We suspected that the wall at the 300-yard line was a place for men to shelter and possibly for yet-to-be-used targets to be stored. We weren’t too far off, as our friend Jack Duncan, 44-year US Navy veteran and longtime NRA member, describes in the following email.
Steve and Marcia, you're probably aware of this, but the "back wall" of the 300-yard targets where Steve is looking down is known as the "butts." The targets were raised and lowered on frames very similar to old-fashioned sash windows, including counter-weights just like the windows. The "butt-pullers" were rotated from the relays of shooters, each relay taking turns. Spotters (large colored cardboard disks) were fitted with wooden pegs in the center that would be put in the bullet holes in the targets so that the shooters 300-yards away could spot where their bullets were going and make sight corrections accordingly. Black disks (tsk, tsk) if your shots were outside the black "bulls-eye," white disks for shots inside the black. There would have been a sloping berm of dirt in the direction of the firing line to absorb any low shots and the concrete wall behind that berm was where the butt-pullers did their heavy work. Marlene and I have both taken our turns as butt-pullers across the nation. There is only one set of butts on a range, while the shooters themselves move back from 200-yards to 300-yards to 600-yards to 1,000-yards for "across the course matches." Usually, using good spotting scopes the shooters can spot their own holes at 100-yards. If terrain and real estate is a problem, then the 600-yard line may be located at 500-yards, such as at the rifle range at MCAS, Miramar, CA, last time I fired there.

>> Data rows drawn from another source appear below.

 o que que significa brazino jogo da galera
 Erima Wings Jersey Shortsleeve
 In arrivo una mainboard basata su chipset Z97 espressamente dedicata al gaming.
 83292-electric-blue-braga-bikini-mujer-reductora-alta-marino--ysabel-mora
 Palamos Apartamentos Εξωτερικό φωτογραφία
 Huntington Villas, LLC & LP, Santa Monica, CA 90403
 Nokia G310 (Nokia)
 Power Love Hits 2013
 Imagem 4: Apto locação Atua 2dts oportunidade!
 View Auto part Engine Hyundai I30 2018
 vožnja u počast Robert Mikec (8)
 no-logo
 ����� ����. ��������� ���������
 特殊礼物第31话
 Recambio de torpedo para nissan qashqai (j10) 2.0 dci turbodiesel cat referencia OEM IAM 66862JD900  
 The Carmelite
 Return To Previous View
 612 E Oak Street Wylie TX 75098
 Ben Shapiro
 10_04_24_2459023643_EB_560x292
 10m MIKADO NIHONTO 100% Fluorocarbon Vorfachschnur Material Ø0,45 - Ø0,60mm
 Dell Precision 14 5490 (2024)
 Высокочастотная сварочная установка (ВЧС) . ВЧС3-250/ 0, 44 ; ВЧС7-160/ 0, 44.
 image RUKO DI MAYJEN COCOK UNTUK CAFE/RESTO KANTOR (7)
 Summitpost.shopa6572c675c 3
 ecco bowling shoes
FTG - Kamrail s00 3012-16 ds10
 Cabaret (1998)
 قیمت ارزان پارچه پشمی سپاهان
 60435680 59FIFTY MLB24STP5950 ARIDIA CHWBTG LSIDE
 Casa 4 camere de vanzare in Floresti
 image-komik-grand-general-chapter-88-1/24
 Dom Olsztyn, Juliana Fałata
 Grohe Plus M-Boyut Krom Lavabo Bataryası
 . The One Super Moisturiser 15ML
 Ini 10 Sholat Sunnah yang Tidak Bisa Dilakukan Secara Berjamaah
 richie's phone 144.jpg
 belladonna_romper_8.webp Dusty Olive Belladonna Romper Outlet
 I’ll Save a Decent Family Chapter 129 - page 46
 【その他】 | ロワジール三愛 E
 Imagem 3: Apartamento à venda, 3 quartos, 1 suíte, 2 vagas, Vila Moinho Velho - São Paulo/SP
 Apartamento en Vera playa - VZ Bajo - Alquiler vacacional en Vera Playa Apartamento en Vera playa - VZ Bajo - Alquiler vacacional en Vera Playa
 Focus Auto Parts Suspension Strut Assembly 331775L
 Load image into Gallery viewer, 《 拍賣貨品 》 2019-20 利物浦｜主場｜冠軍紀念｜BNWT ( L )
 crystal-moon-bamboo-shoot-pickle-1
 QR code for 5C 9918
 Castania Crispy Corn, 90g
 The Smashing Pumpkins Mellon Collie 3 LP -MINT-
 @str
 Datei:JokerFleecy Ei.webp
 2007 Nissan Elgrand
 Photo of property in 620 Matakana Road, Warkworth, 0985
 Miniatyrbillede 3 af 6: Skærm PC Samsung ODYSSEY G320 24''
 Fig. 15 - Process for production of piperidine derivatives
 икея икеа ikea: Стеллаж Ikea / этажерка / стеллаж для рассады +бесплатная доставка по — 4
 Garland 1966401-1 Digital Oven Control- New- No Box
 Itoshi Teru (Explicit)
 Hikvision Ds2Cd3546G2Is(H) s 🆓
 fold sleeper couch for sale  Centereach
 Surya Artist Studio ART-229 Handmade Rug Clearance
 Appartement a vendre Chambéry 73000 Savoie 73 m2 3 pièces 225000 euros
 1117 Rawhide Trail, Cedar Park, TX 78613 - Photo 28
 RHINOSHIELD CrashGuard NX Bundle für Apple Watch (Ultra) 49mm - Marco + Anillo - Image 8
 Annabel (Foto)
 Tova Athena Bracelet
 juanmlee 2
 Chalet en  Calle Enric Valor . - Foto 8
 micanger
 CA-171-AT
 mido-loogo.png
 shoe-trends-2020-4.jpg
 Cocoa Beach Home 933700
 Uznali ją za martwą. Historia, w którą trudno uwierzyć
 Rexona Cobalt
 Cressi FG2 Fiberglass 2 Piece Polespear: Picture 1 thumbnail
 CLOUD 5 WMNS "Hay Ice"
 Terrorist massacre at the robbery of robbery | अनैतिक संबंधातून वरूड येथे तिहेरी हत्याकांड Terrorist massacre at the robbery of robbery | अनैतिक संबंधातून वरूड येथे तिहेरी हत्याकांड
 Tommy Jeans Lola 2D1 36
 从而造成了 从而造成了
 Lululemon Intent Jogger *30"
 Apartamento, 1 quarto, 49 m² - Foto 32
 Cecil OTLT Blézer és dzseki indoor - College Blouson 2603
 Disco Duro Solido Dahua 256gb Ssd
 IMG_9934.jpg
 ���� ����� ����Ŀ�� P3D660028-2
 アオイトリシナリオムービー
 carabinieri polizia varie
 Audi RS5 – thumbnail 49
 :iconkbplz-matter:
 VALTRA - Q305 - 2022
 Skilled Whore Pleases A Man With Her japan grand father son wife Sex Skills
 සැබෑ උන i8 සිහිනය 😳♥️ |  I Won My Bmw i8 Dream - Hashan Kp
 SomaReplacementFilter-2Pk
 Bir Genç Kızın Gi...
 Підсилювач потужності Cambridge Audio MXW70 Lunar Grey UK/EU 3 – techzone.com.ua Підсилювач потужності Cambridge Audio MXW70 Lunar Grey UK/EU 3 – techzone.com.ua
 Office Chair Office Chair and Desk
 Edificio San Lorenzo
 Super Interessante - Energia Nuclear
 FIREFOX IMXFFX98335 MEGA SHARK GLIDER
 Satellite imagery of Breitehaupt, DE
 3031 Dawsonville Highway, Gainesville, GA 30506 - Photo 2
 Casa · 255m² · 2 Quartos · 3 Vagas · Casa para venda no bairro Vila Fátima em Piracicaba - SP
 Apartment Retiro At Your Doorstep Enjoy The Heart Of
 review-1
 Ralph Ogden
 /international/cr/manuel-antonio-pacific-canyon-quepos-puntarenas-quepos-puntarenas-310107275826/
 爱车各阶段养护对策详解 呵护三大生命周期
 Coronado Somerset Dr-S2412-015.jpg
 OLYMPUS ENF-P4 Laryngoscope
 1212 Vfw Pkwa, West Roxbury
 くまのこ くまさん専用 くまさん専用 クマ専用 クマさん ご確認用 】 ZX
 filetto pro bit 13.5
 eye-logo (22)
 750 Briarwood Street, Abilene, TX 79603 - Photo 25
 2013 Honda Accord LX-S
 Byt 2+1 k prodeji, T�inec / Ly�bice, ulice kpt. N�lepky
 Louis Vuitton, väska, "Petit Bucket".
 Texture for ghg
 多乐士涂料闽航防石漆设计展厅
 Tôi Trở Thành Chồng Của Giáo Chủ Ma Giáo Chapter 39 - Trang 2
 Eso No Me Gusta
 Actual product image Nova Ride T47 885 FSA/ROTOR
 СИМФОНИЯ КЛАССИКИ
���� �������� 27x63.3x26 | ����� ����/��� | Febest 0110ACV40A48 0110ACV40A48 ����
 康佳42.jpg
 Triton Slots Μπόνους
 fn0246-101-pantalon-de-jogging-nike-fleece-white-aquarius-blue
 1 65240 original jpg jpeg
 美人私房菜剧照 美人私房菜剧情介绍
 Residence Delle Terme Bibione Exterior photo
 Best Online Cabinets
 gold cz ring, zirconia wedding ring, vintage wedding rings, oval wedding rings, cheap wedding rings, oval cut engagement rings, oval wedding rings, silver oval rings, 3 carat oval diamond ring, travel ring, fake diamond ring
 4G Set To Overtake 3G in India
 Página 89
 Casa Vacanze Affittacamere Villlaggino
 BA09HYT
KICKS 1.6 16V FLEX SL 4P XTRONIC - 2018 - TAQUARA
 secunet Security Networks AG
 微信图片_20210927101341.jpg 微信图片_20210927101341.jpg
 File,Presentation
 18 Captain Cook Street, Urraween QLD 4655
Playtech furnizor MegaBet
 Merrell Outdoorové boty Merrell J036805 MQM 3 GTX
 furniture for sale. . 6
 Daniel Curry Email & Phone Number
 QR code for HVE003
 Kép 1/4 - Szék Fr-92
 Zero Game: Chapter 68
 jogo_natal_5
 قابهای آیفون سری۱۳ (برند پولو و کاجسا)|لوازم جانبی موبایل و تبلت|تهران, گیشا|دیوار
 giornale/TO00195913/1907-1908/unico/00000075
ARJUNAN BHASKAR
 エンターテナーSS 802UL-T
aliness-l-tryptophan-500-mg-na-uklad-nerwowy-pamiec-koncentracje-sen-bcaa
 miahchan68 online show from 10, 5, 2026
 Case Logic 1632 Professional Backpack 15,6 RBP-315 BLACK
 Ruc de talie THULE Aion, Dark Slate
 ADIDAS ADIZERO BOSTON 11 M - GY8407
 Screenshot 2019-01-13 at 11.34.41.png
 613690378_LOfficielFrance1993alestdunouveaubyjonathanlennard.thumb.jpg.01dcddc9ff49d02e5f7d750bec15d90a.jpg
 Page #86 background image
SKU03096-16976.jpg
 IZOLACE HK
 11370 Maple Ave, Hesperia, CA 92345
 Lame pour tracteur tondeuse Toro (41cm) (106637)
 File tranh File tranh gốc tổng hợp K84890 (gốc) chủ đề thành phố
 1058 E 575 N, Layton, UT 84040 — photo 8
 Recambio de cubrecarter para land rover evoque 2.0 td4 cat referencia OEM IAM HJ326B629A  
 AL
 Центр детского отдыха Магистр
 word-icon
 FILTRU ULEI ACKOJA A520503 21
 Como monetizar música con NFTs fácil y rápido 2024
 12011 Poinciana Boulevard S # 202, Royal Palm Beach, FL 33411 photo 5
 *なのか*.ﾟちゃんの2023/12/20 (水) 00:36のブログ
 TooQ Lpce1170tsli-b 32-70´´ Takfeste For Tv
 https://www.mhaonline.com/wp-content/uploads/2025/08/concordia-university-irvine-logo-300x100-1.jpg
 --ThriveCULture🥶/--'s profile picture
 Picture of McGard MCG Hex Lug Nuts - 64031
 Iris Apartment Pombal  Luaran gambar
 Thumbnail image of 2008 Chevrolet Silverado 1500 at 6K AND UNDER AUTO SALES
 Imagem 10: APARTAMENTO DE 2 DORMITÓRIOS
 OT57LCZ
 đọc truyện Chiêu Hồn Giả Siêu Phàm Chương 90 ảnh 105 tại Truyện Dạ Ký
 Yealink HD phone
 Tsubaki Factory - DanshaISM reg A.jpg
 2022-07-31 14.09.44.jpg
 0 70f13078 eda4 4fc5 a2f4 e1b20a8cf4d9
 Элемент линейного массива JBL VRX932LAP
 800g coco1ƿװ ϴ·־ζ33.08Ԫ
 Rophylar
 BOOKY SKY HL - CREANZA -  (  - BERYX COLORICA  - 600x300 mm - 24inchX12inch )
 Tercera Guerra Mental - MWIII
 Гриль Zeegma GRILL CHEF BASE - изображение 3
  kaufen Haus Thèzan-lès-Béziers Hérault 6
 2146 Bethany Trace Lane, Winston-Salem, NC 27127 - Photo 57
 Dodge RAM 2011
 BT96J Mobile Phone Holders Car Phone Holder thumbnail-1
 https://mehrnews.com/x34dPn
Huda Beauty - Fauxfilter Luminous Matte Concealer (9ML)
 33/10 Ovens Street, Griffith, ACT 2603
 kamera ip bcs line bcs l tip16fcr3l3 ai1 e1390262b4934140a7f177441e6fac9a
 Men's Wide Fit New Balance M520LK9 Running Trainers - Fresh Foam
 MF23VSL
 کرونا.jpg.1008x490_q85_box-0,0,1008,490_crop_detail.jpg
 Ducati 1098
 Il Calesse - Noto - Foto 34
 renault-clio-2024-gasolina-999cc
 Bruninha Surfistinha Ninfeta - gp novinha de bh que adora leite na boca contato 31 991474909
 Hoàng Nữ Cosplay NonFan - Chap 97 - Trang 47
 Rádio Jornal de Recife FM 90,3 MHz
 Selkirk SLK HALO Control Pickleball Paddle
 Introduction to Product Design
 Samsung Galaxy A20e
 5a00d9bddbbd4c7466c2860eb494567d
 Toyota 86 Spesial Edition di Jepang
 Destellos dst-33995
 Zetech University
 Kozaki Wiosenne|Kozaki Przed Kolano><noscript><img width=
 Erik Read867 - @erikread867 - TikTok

I tried to find an illustration for this without success.
Looking at our maps and the steep hillsides and ravines of Corregidor, we believe that the firing line here was fixed; the men would not have been able to move back and forth as Jack describes for normal circumstances. It is hard to tell how much the 200-yard line was used, and there is certainly no room for targets at 500- or 600-yard distances.
We received the following email from Morgan French of Houston, Texas:
Steve, wanted to let you know that my Dad, Morgan French, passed away on Friday, February 24. As we discussed last year, he was the last living member of the 192nd Tank Battalion, Company D, that served on Bataan in 1942. Dad was captured on Ft. Drum on 5/10/42, spent 5 months at Cabanatuan, and then almost 3 years as a POW in Japan.
I don't know how many of our group from last April that you're in touch with, but if you could share with them that Dad has passed away, and others you communicate with and who might have an interest in this, I would appreciate it.
Congratulations on your & Marcia's 39th wedding anniversary - that's quite an accomplishment!
Hope all is going good for you guys - take care.
Our thanks to Jack for his information, and our condolences to Morgan on the passing of his father.